I didn't think France and Germany would be cheaper than here.
How could that be with their high taxes, including a carbon tax, that support free health care and other "socialist" policies?
There must be some mistake . . . Milton Friedman could NOT possibly have been wrong!
Hmmm... How do I look at other countries? What WB dataset(s) did you use to make the chart.
Good thing I can settle in India with no bureaucratic hassle.
Afghanistan, not so much.
This is an endlessly complex topic. Your results may vary. Another version with pretty understandable explanations:
https://www.worlddata.info/cost-of-living.php
Notice the Purchasing Power Index.
The intro talks about consumer goods but then mentions apartments so housing must be included.
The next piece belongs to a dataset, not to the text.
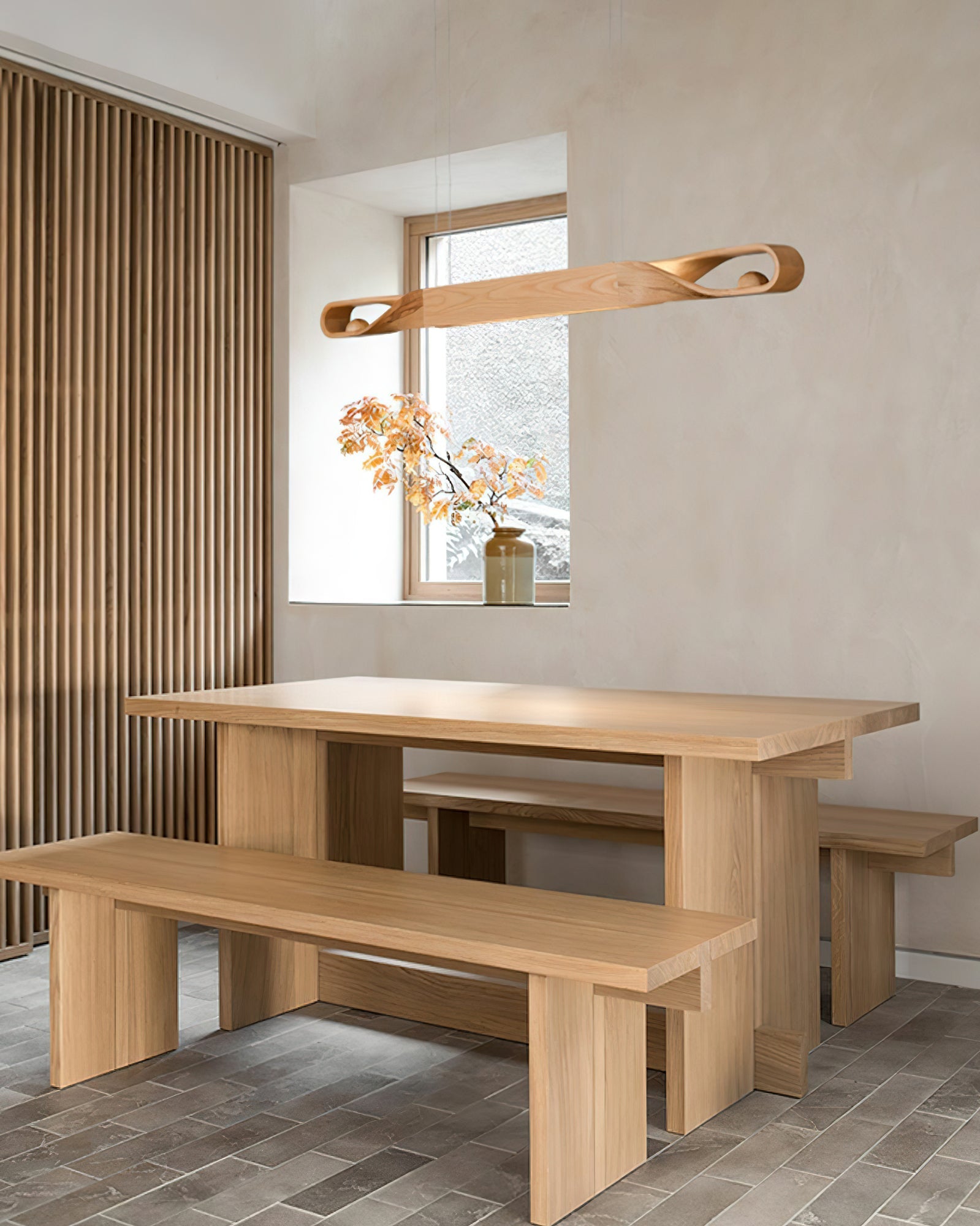 Lustra Pendant Lamp Wood Curved Minimalist - Letslighting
Then there's location location - a house in my sister's Van Nuys (downmarket San Fernando Valley, lots of Mexicans) location or mine (Brooklyn an hour from Manhattan, mostly immigrants) is around $1M. Where I grew up in a suburb of Buffalo it would be $200K.
If for example you have a few kids and they get into college then the lower rating of say Germany vs the US might radically turn around for you.
Paris is less expensive to visit than New York, simply because hotel prices are lower (except possible at the very top of the range). The Metro is less than MTA. And the rest of France (except for very high-end tourist destinations in high season) is much cheaper than Paris. Food isn't noticeably more expensive, and the quality if you shop local markets is much higher. However, outside of major cities you need a car to get around.
Not on the graph is Thailand, which I've heard is a cheap place for American expats.
The thing about living somewhere cheaply is that you need community to live anywhere longterm. I definitely would avoid the villa with pool in Afghanistan.
why is there not a single African country in the graph?
No South American countries either. It does not purport to be a comprehensive listing.
I'm 100% certain this is older data, maybe from 2020 or 2021.
Japan is not -10%. The Yen is now hovering around 155¥ to $1 US which is roughly speaking 50% higher than 2020.
In the periphery of Japan's major cities, rents for homes are below USD $500. In the small towns across Japan, rent is less than $200.
There are so many different reasons as to why the US is so expensive. But I'm 75% certain the convicted Trump is going to make sure the US will suddenly drop this year. Recall, his voters want deflation.
I agree with the above. I’ve spent a significant portion of my life in Japan and visit often. At the current exchange rate, Japan is way cheaper than the US, at least a third, if you live anything like a Japanese rather than a bloated ex-pat.
As Yogi Berra once said, "Nobody goes to that restaurant anymore. It's too crowded."
It is certainly not some mysterious force that causes the most desirable places to live to be the most expensive. The same is true within the US.
I've spent significant time in both Taiwan and China. It doesn't seem remotely possible that the latter is more expensive. I pay five bucks for a haircut in Beijing, and that's the 2nd or 3rd most expensive city in the whole country. A perfectly delicious if basic restaurant meal is maybe $4—a fancy(ish) meal maybe 15-20. A dollar's worth of subway fare will take you clear across this vast metropolis.And so on. Taiwan definitely isn't that cheap.